Abgesehen von dem Einsatz einer KI sollten aber auch weitere Ansätze geprüft und verfolgt werden, um eine sachgerechte Abarbeitung der Vielzahl an Fällen gewährleisten zu können. Neben der dringend notwendigen personellen Verstärkung zählen dazu u.a. Maßnahmen wie die mögliche Beauftragung externer Firmen 25 hinsichtlich der forensischen Aufbereitung und Auswertung von Datenträgern, die Vereinheitlichung und Optimierung von Workflows, die Begrenzung von Sicherungs- und Auswertemaßnahmen bei niedrig priorisierten Fällen, die möglichst ressourcenschonende Abarbeitung von diversionsgeeigneten Fällen26, die Überprüfung und ggf. vorzunehmende Anpassung struktureller und organisatorischer Aspekte sowie eine intensive Abstimmung mit den zuständigen Staatsanwaltschaften. In Schleswig-Holstein sind innerhalb der genannten landesinternen Arbeitsgruppe all diese Aspekte betrachtet worden, so dass die Hoffnung besteht, einigermaßen zukunftssicher aufgestellt zu sein. Betont sei an dieser Stelle aber nochmals, dass dies trotz der vorgenommenen Anpassungen ohne eine signifikante und kurzfristig vorzunehmende personelle Verstärkung absehbar nicht gelingen wird.

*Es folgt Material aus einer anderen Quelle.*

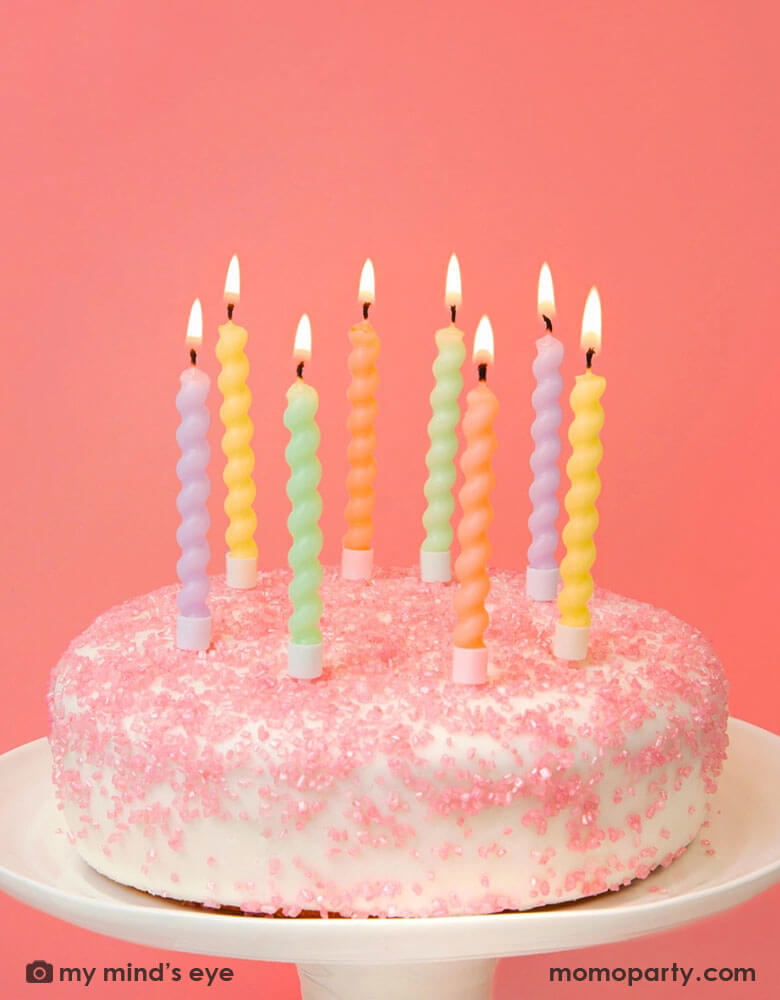 A birthday cake with pink sprinkles topped with Momopartys's Twisted Pastel Birthday Candles by Talking Tables. Comes in a set of 8, In 4 pastel colors with a fun twisted candle design, use on their own or pair with a cake topper for a special celebration. Perfect for a birthday cake, kids party, baby shower or an easter cake.
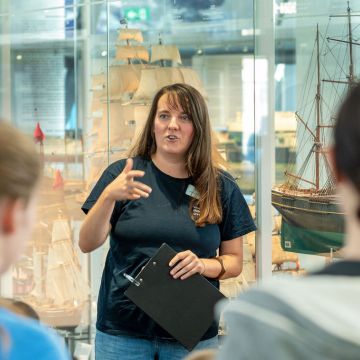 Museumspädagogin spricht vor einer Gruppe in der Ausstellung Schifffahrt
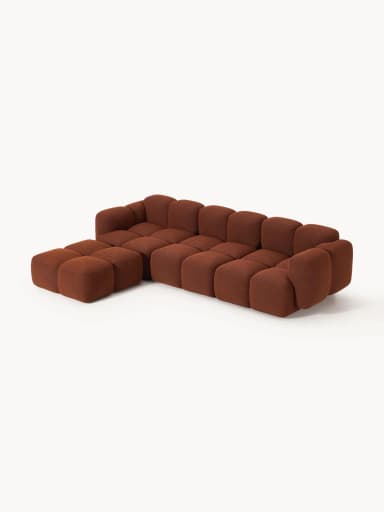 An L-shaped modular sectional sofa composed of individual square and rectangular blocks, upholstered in a rust-colored textured fabric. The design features a low profile and rounded edges on each block, creating a plush, inviting appearance. The sofa is configured with a chaise extension on the left side when viewed from the front. — 3D model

Abschließend sei darauf hingewiesen, dass dem Dienstherrn hinsichtlich des eingesetzten Personals eine besondere Verantwortung zukommt. Die tägliche Arbeit im Deliktsfeld der Kinder- und Jugendpornografie stellt unstreitig eine besondere und sehr fordernde psychische Belastung dar, die vor allem auf Grund der mittlerweile äußerst hohen Fallzahlen bei gleichzeitig nur unzureichend mitgewachsenem Personalschlüssel eine Mammutaufgabe darstellt. Hier ist neben der im vorliegenden Artikel behandelten bestmöglichen technischen Unterstützung auch eine ganzheitliche Betrachtung notwendig, innerhalb derer Konzepte u.a. zu psychosozialen Angeboten, zur Attraktivität des Tätigkeitsfeldes27, zur Personalgewinnung und -bindung und Fortbildung entwickelt werden und dem Fürsorgegedanken somit ein besonderes, aber auch unbedingt notwendiges Gewicht verleiht.